On voit qu’en poussant comme un fou les réacteurs actuels on monte à 30% et il paraît difficile, même en principe, de dépasser 40%. En revanche, si on s’autorise des réacteurs à neutrons rapides, alors on change complètement de ligue.

Quel type de recyclage choisir ?

Est-ce qu’il est toujours mieux de recycler plus ? C’est une question bien plus large que ce qu’on aborde ici, et je voudrais être clair sur le fait que je n’ai pas cherché à y répondre. Ce recyclage a plein d’impacts secondaires : quand on recycle, on fait davantage d’opérations sur des matières radioactives (négatif), ce qui reste est au total moins radiotoxique (positif), le volume de déchets finaux est réduit (positif, même si l’ampleur est discutée), le conditionnement des déchets est meilleur (positif), on dispose d’une technologie de séparation du plutonium qui pourrait être utilisée à d’autres fins (négatif). Et il y a encore plein d’autres critères…

Par ailleurs, tant que l’on monorecycle ou multirecycle dans les réacteurs actuels, c’est à dire qu’on est autour de 10 – 30% d’économie, alors l’économie d’énergie n’est pas de manière évidente le critère dominant permettant de choisir parmi les précédentes nuances. C’est le saut vers le multirecyclage en réacteurs à neutrons rapides qui change réellement la donne.

Ce qui est sûr c’est qu’à très long terme, si le nucléaire se maintient et se développe, notamment via la Chine et que l’on reste sur un cycle  uranium/plutonium (pas de thorium) alors la limitation des ressources naturelles forcera le multirecyclage en réacteurs à neutrons rapides. En attendant, la ressource naturelle est peu chère dans le coût total de l’énergie nucléaire, notamment parce que des progrès importants ont été réalisés sur l’extraction et l’enrichissement de l’uranium, et donc il n’y a pas une très forte pression ce qui explique (je me garde de dire si ça justifie) le fait que la puissance publique ait repoussé récemment l’horizon de développement du multirecyclage en réacteurs à neutrons rapides.
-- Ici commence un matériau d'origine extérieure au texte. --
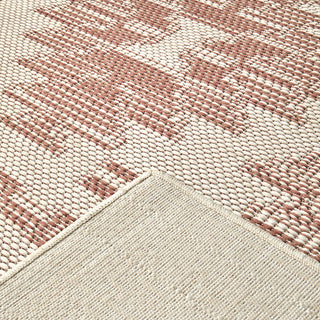 Patio Kuza Coral Indoor/Outdoor Runner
Retour sur le contexte et le débat public

La question de savoir s’il fallait recycler ou non le combustible usé (et le point incroyablement plus précis et restreint de savoir quelle économie de ressources le recyclage permet) était posée dans le débat public de 2019 sur la gestion des matières et déchets radioactifs. J’étais membre de la commission qui organisait ce débat. On avait organisé un exercice de clarification des controverses techniques avec des experts de tous horizons pour se mettre d’accord sur les conséquences du recyclage des combustibles usés (à défaut de trancher sur sa pertinence).
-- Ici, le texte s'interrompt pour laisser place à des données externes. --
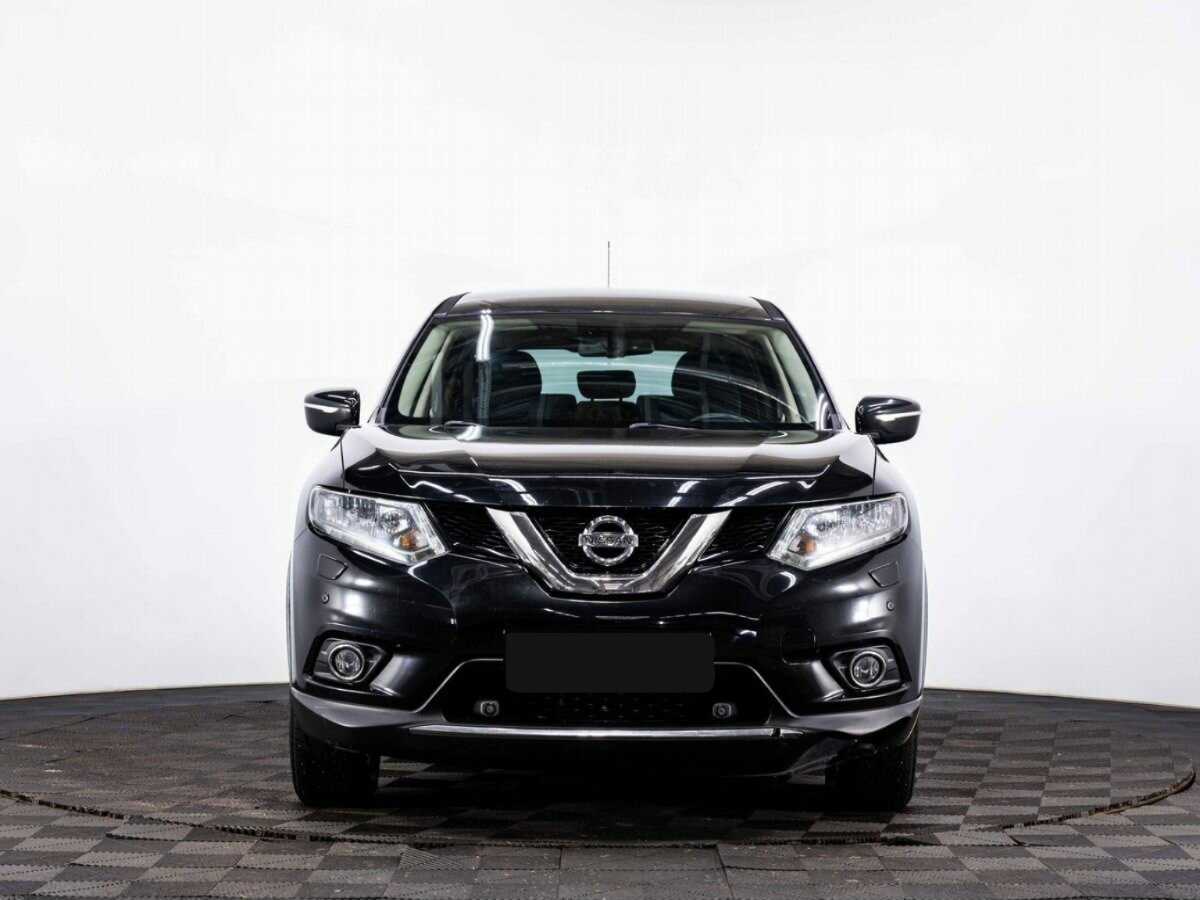 Nissan X-Trail б/у, 2016, Вариатор. Фото: #1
La question du taux de recyclage avait fait débat, mais on avait convenu dans la synthèse, non sans mal, que l’économie de ressources naturelles était la manière pertinente de mesurer la chose. Ensuite, durant le débat lui même, on avait pu voir que le débat était très actif sur le choix d’une stratégie plutôt qu’une autre, avec une situation qui peut sembler à front renversé pour le béotien. Les “pro-nucléaire” sont quasi uniformément favorables à la stratégie la plus ambitieuse possible de recyclage, les “anti-nucléaire”, dont un certain nombre d’associations environnementales, souhaitant à l’inverse son arrêt immédiat. C’est que derrière tous les aspects positifs ou négatifs du recyclage, il y a surtout la question de la poursuite du nucléaire, le recyclage ancrant son utilisation dans la durée. Mais c’est une autre histoire…

Il est difficile d’écrire un blogpost pareil sans faire d’erreurs, n’hésitez pas à les corriger dans les commentaires.